Mikel Arteta zdecydowanie odpowiedział Aubameyangowi. "To nie ja byłem problemem"
Pierre-Emerick Aubameyang tej zimy odszedł z Arsenalu do FC Barcelony. Nie ukrywał, że problemem była dla niego współpraca z Mikelem Artetą. Do niedawnych słów napastnika odniósł się teraz sam szkoleniowiec.
Jeszcze kilka miesięcy temu Gabończyk był kapitanem "Kanonierów". Później stracił jednak opaskę, a Mikel Arteta zdecydował się na odsunięcie go od drużyny. Wszystko skończyło się dość burzliwym rozstaniem.
Aubameyang ostatniego dnia okienka transferowego rozwiązał kontrakt z Arsenalem. Podpisał za to umowę z FC Barceloną, której barwy reprezentować może nawet do 2025 roku. Na powitalnej konferencji prasowej odniósł się do swoich relacji z hiszpańskim szkoleniowcem.
- Myślę, że problem był z nim, z Mikelem Artetą. Nie mogę jednak zdradzić wam zbyt wiele szczegółów. On po prostu nie był zadowolony, nie był szczęśliwy. Ja również czułem się źle, nie byłem szczęśliwy. Lepiej było odejść, to dobry krok - mówił.
Teraz do tej wypowiedzi odniósł się szkoleniowiec Arsenalu.

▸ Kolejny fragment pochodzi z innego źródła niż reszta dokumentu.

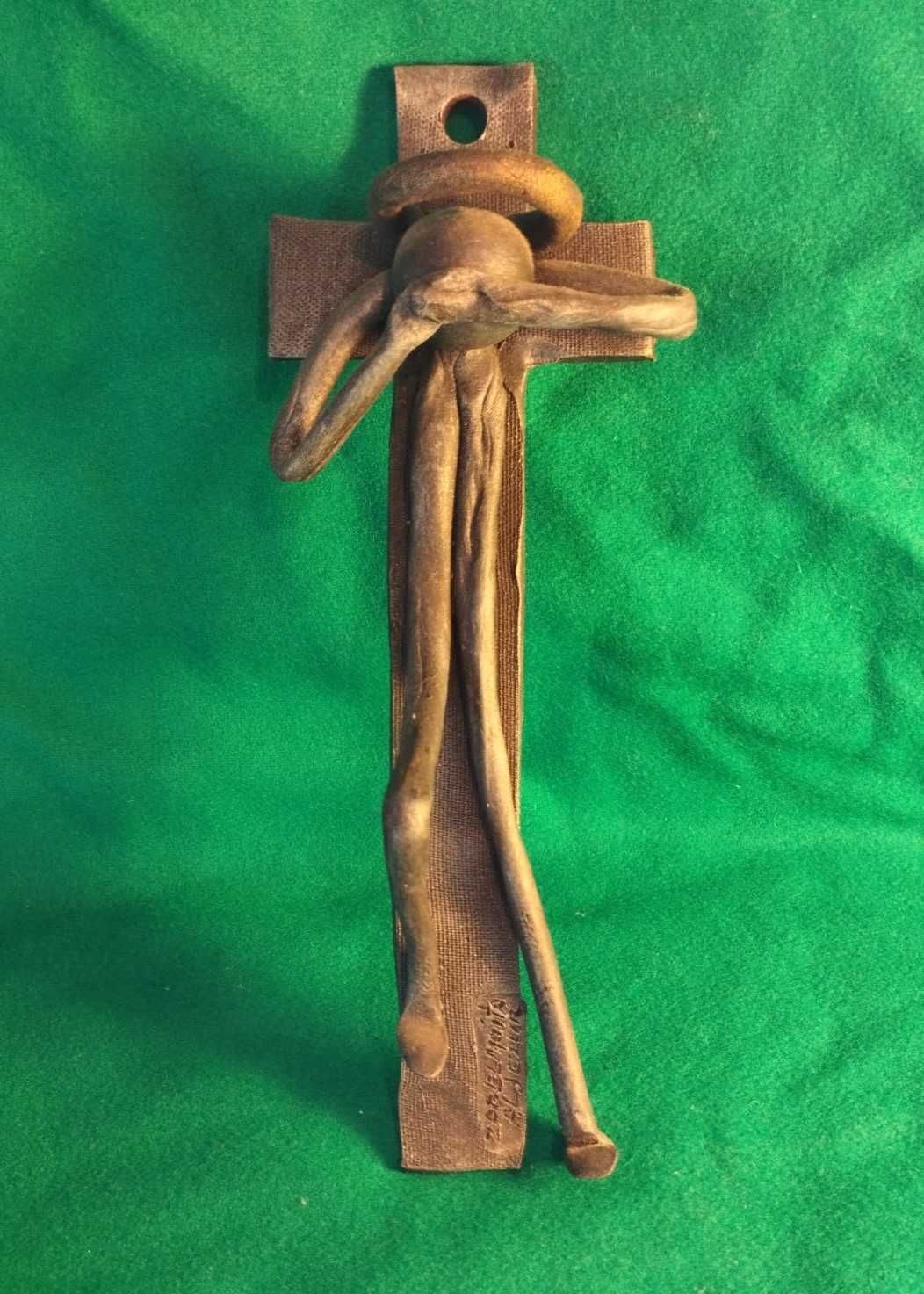 Crucifixos, de Zabel Moita (Aljezur)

Przyznał też, dlaczego zespół ze stolicy Anglii nie zdecydował się zimą na pozyskanie innego napastnika w miejsce Gabończyka.
- Jestem niezwykle wdzięczny za to, co przez lata zrobił Aubameyang, za jego wkład w rozwój klubu. Postrzegam całą sprawę inaczej. Jestem rozwiązaniem, a nie problemem. On ma jednak inną opinię i muszę to uszanować - powiedział.
- W tym klubie chcemy tylko najlepszych piłkarzy i najlepszych ludzi. Postanowiliśmy nie sprowadzać w pośpiechu zawodników, którzy mogliby nie być odpowiedni - stwierdził.